Water also decreased significantly. Again this was driven by measurement improvement in the United States (based upon actual gallons consumed) as well as improved performance most notably in Asia Pacific, the Netherlands, and Belgium.
The sizable increase in business travel also explains why Wolters Kluwer’s total CO2 emissions have gone up.

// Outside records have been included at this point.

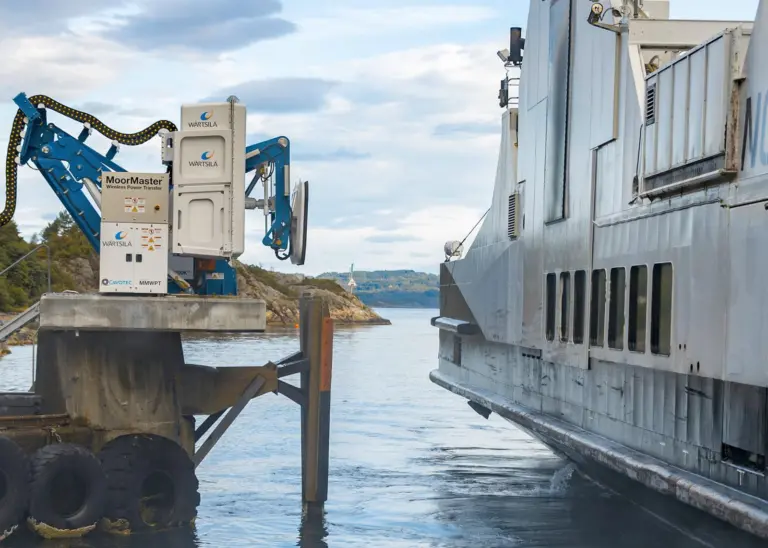 Wärtsilä's wireless charging system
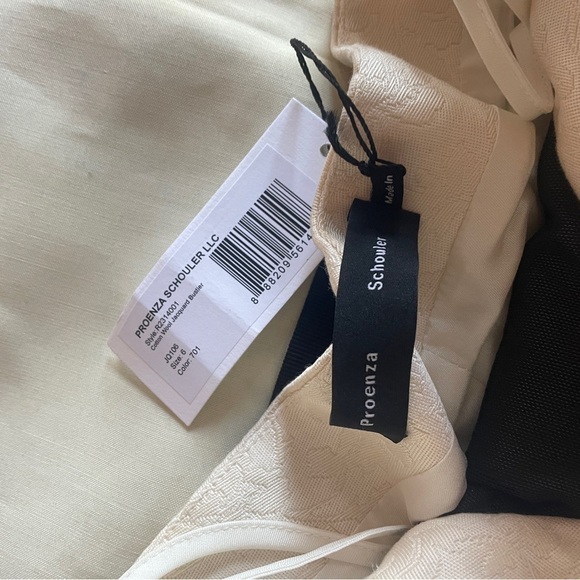 NEW! Proenza Schoulder- Cotton Wool Jacquard Bustier Size 6 Tube Top Sweetheart - Picture 10 of 10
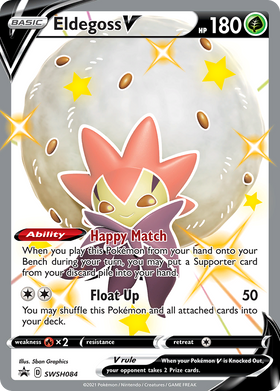 Eldegoss V (SWSH084) [Promociones de Sword &amp; Shield: Black Star] 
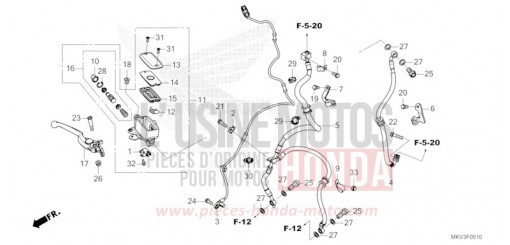 HAUPTBREMSZYLINDER, VORNE ZYLINDER NSS750P de 2023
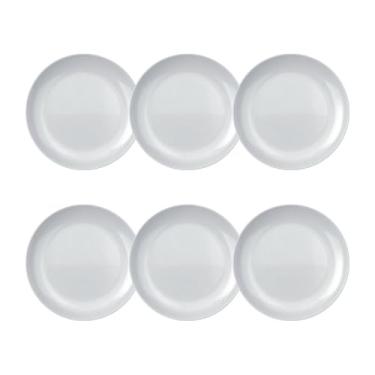 Imagem de Jogo de Pratos Sobremesa Nadir Opaline Duralex Linha Blanc 6 Peças
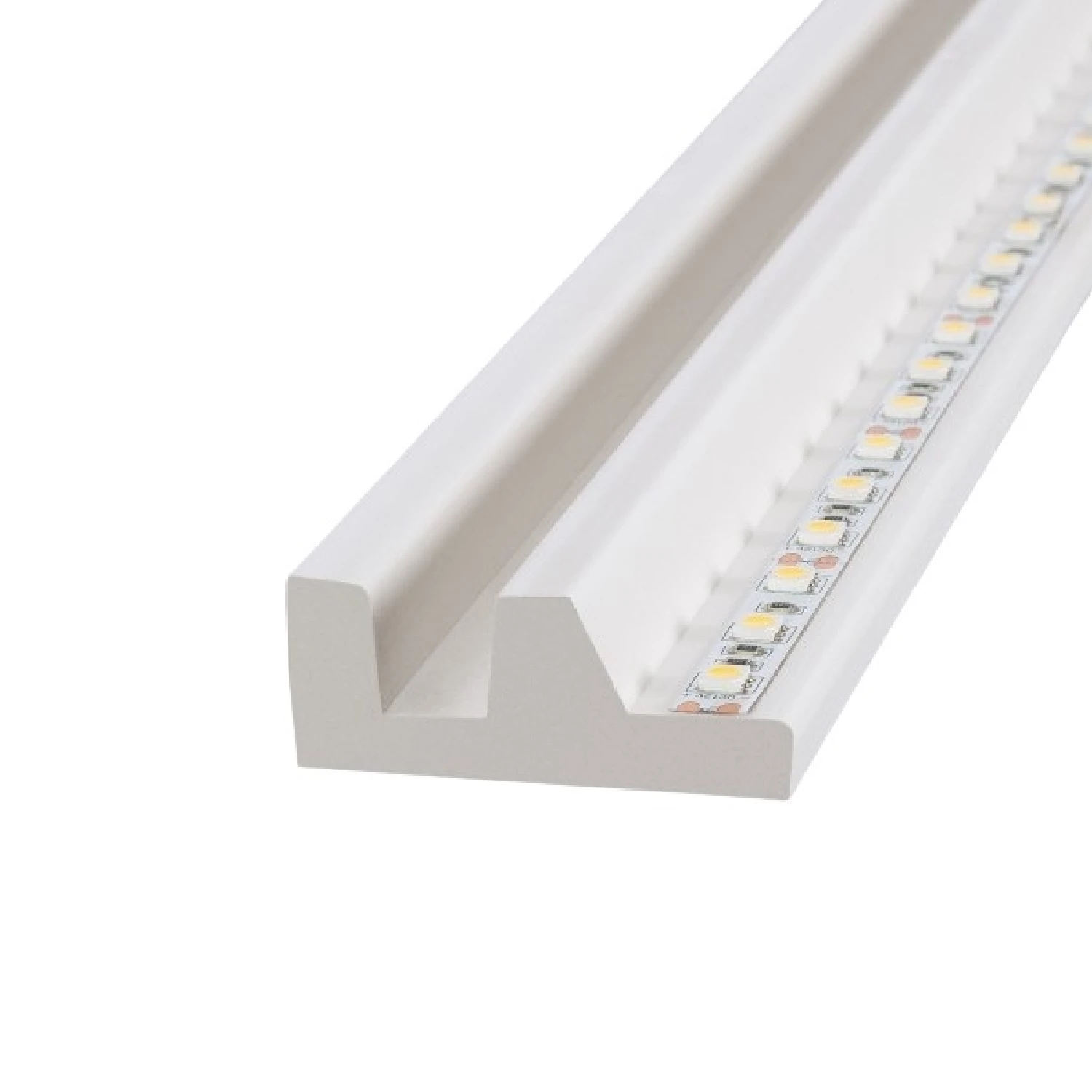 Ledkia Moldura para Tira LED 2m Modern - Iluminación Decorativa Indirecta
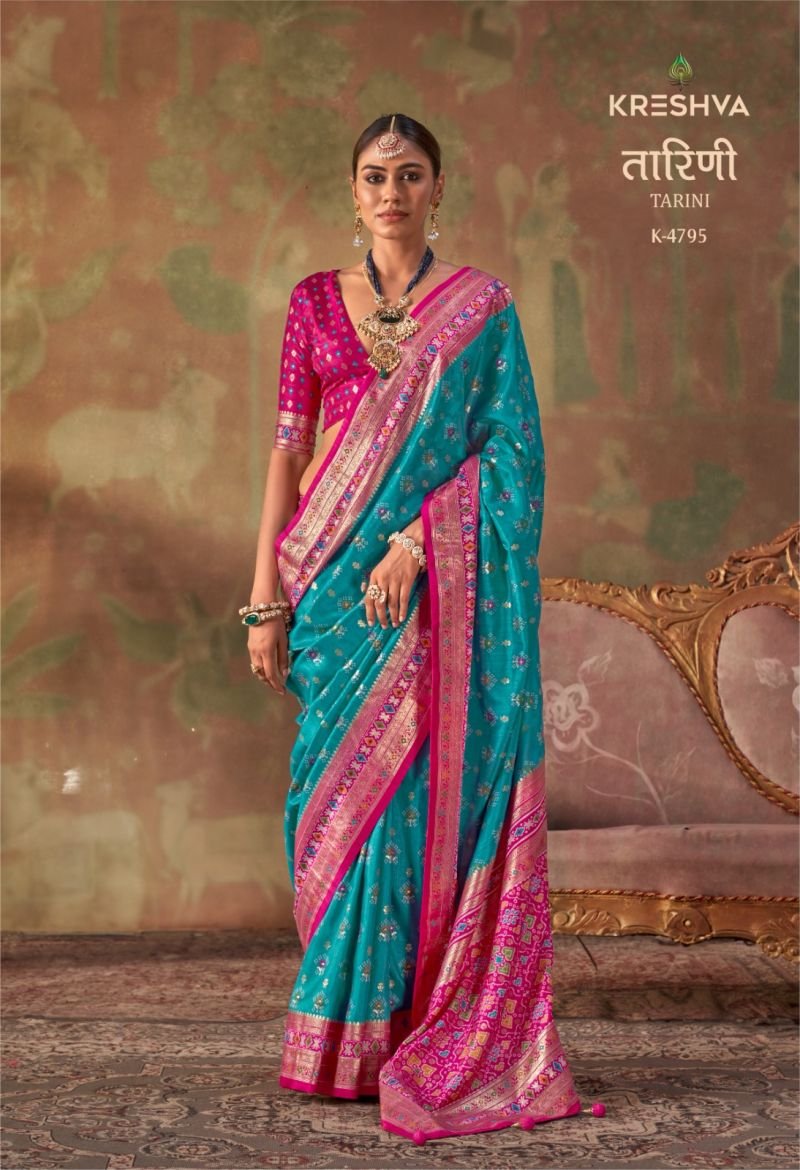 Buy Kreshva Tarini Silk Classic Patola Design Saree Collection Wholesale 2026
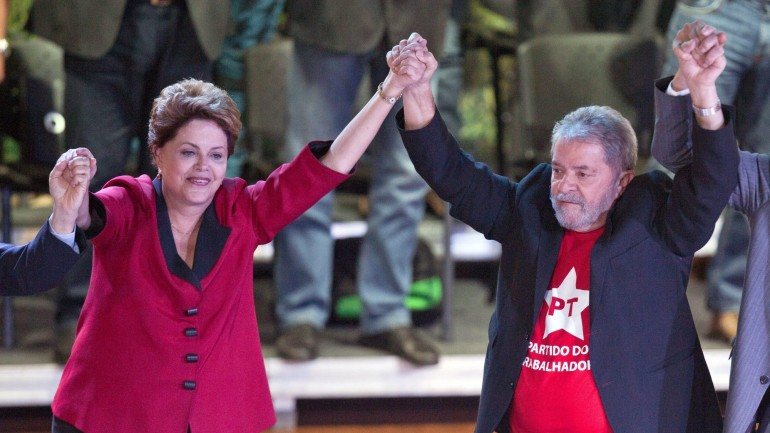 Chefe de Estado Dilma Rousseff com Lula da Silva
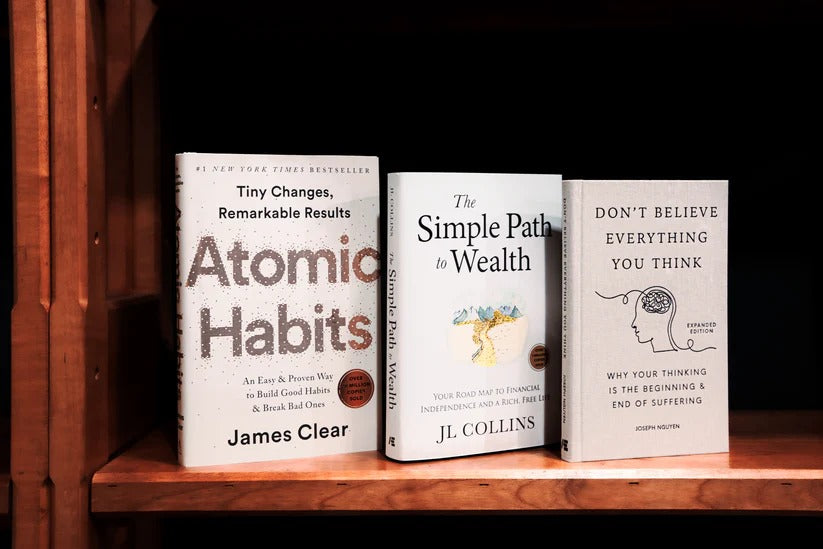 Clear Path to Success Graduation Bundle By James Clear, Joseph Nguyen, JL Collins.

In 2010 both Corporate travel and the Asia Pacific businesses were included, which drove up the total. Also, while changing to a global organization offers customer, people and development opportunities, it did lead to more travelling. Wolters Kluwer will continue to balance flight and car travel with online, telephone, and other alternatives as stated in its travel policy.
2011 Objectives
- Grow online, software, and service revenues to represent at least 75% or more of the total revenues in the medium term; and
- Develop clean paper targets for individual business units and increase percentage of clean paper.